Problem details: In the data below, set down exactly the lines from the one containing "3drose, Peace Love" up to and including the one containing "茶道具　秋坂窯　八代　加藤宇助作　伊賀釉　水指　共箱　N　9131". Leave the pictures out.

Given data:
------

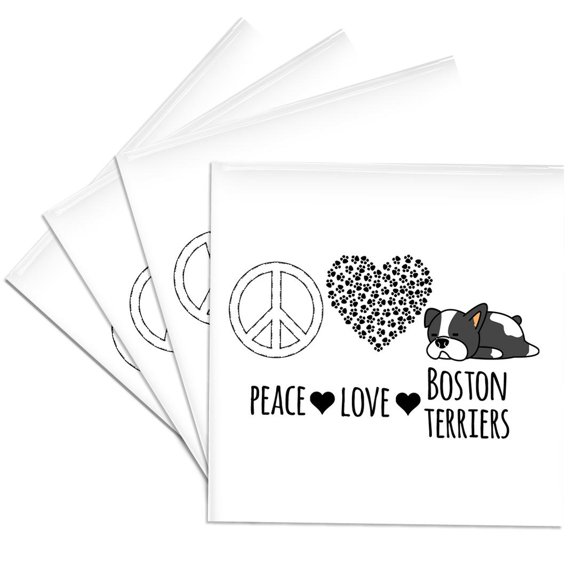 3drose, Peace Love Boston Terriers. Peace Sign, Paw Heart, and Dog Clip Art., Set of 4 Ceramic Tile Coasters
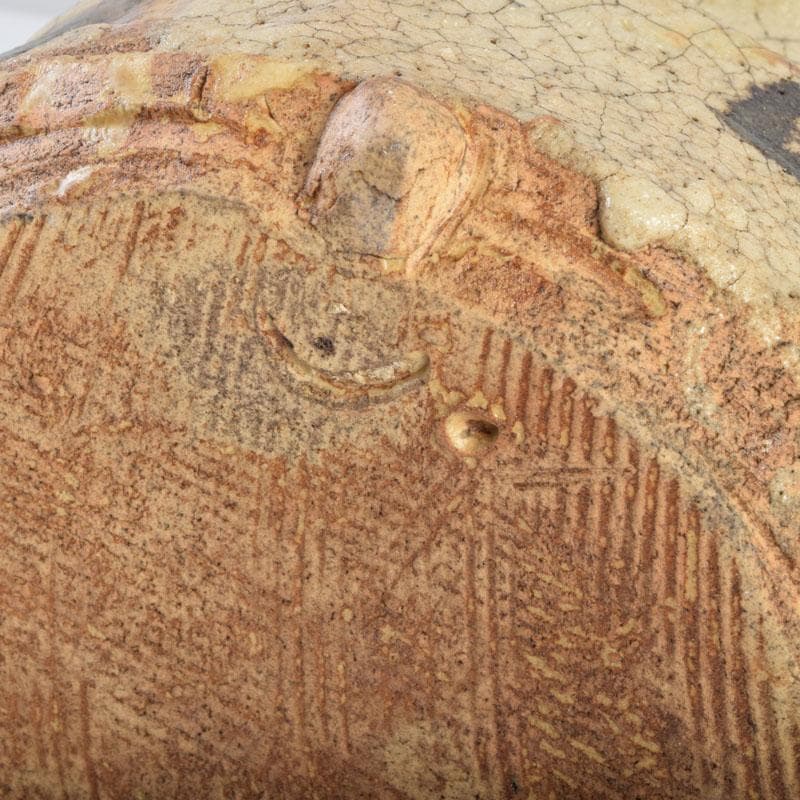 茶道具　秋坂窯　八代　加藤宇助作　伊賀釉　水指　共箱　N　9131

------

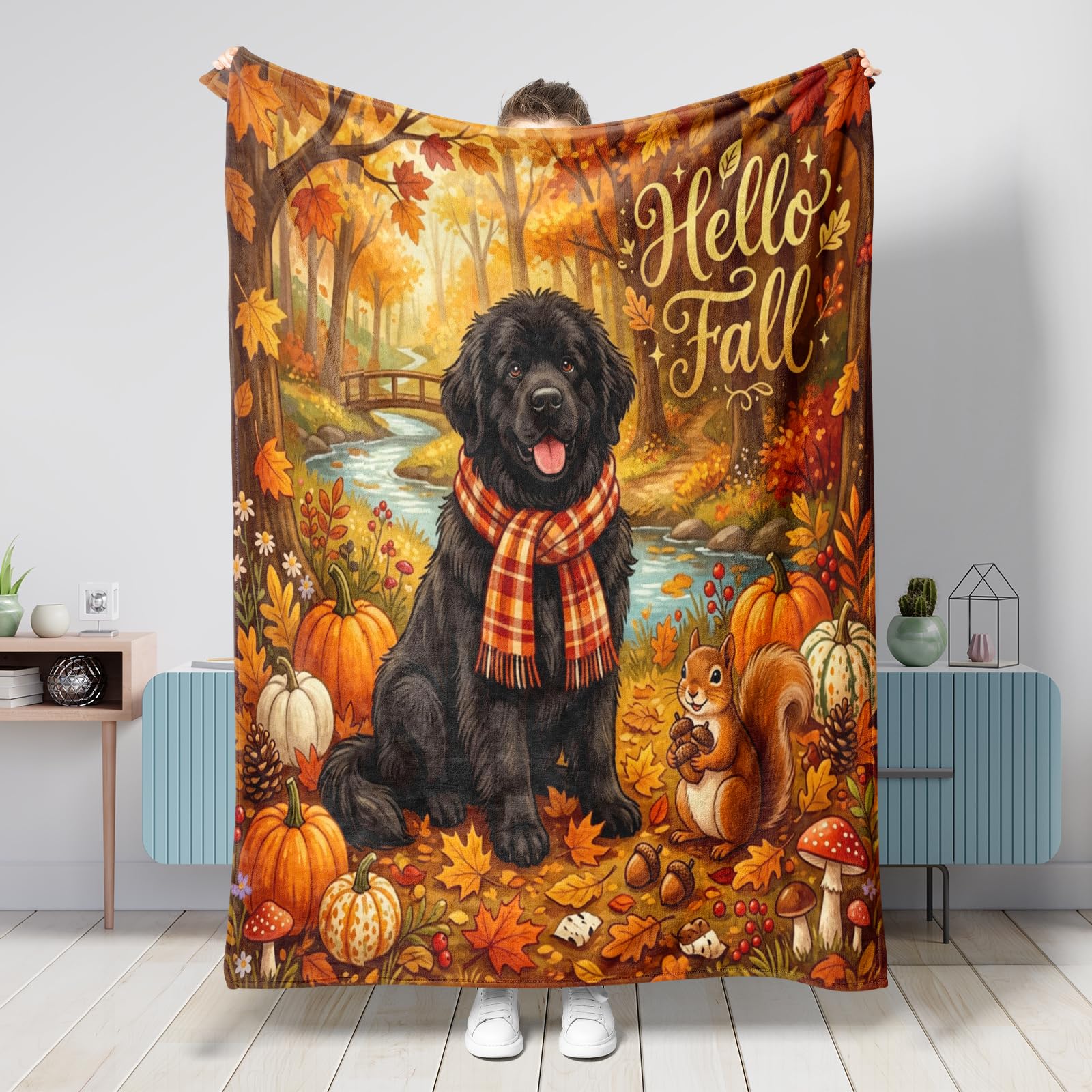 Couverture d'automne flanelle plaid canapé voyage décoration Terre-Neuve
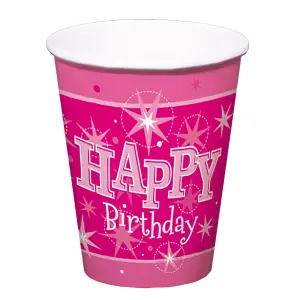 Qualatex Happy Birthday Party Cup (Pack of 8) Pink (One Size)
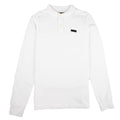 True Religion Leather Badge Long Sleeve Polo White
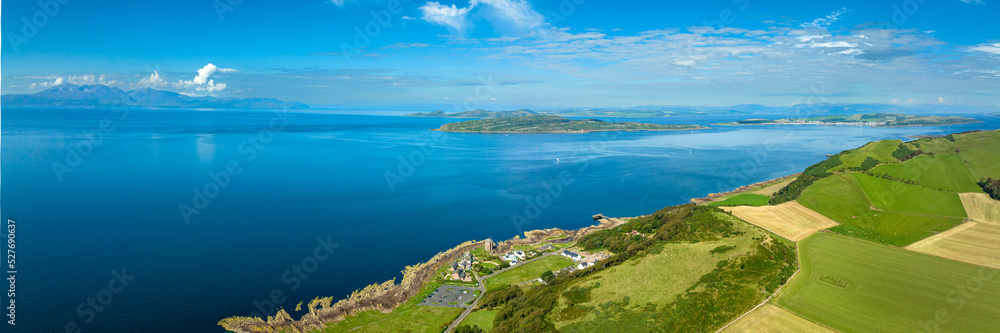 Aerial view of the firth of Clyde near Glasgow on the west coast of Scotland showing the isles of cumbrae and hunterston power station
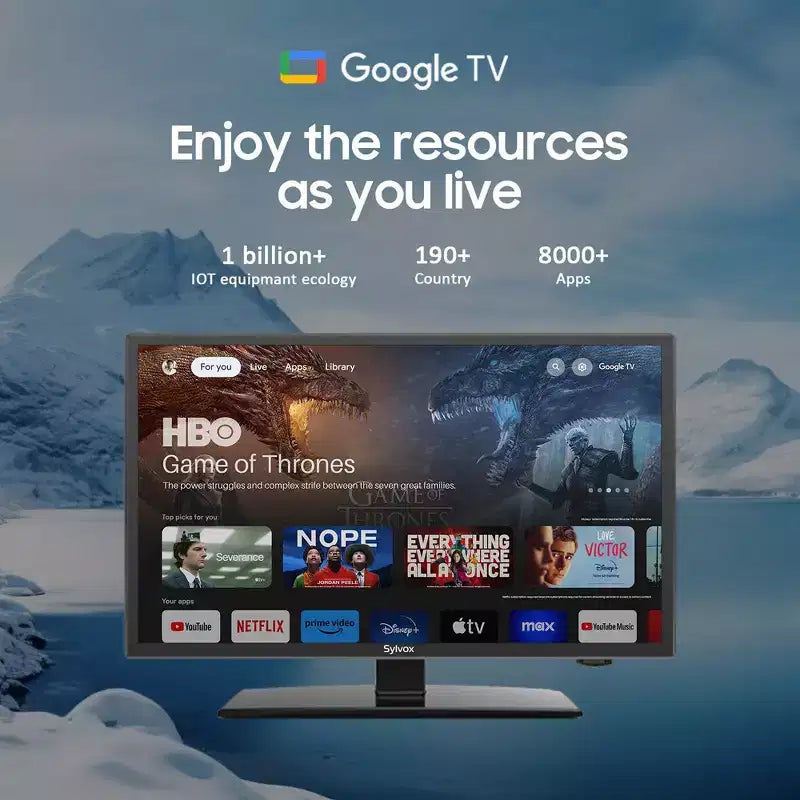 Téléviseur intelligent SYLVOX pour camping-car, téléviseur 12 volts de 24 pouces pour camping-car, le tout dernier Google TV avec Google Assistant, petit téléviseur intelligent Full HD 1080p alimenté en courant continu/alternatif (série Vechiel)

------

Answer:
 3drose, Peace Love Boston Terriers. Peace Sign, Paw Heart, and Dog Clip Art., Set of 4 Ceramic Tile Coasters
 茶道具　秋坂窯　八代　加藤宇助作　伊賀釉　水指　共箱　N　9131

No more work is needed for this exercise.